I am a Christian who is researching how other religions influenced Christianity throughout its history. Having found that some of my fellow believers in the Hebrew Roots movement hold the belief that Acts 10 (Peter's Vision) references a rabbinic law in which no clean animals can have interactions with unclean animals without themselves becoming unclean, I decided to look a bit deeper. I could not find any Oral Torah law that states this, and the proponents of this theory do not provide one themselves. I am not an expert on the Talmud or any previous writings of a similar nature, so I wanted to ask if a law like this existed, at least during the 1st century, that I have just not heard about.
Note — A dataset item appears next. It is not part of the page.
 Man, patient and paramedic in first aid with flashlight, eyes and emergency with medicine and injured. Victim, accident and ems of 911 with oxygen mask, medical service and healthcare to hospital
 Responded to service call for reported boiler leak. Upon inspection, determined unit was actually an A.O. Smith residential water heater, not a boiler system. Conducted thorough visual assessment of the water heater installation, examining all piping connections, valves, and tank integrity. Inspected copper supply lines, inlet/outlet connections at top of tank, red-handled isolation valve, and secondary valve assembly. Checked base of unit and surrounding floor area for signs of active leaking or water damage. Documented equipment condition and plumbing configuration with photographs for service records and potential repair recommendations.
You'd have to define your terms better, but a live kosher animal (let's say a cow) remains kosher even if it touches a pig. Whatever you're describing doesn't ring any bells.
Off the top of my head, the only way to make a live kosher animal non-kosher is either to injure it in a way that would eventually be life-threatening, or various odd practices involving idolatry. Even if a cow was um, "abused" by a lonely man, it's still kosher -- though no longer fit to be used as a sacrifice. (Sadly this one came up with a men's prison in upstate New York where they also worked at a dairy farm.)
There is a law against buying "mystery milk" from a non-Jew; a Jew should observe the milking. (Today many would argue that the combination of economics and enforcement in many countries qualifies ... but that's a different story.) Certainly a farm containing both cows and pigs would prevent a Jew from buying a bucket of milk from the farmer, as how do we know it's all cow milk in this bucket? If we somehow are certain that the only mammals in a 50-mile radius are kosher species ... there is room for discussion. But I think that's still far beyond what you're describing.
As far as the mainstream Judaism as it appears in the Talmud, that's about as far as we can help you here. There are Jewish scholars who specialize in the history of that time period who could probably help you more, who are well-versed in New Testament and its context vis-a-vis Judaism at the time -- Malka Simkovich and Lawrence Schiffman are two names who come to mind -- and they would probably be a good resource on this. For instance, there were a lot of schisms going on at the time, so this may have been a teaching of some group that didn't become the one that wrote the Talmud. (E.g. the Sadducees not the Pharisees.)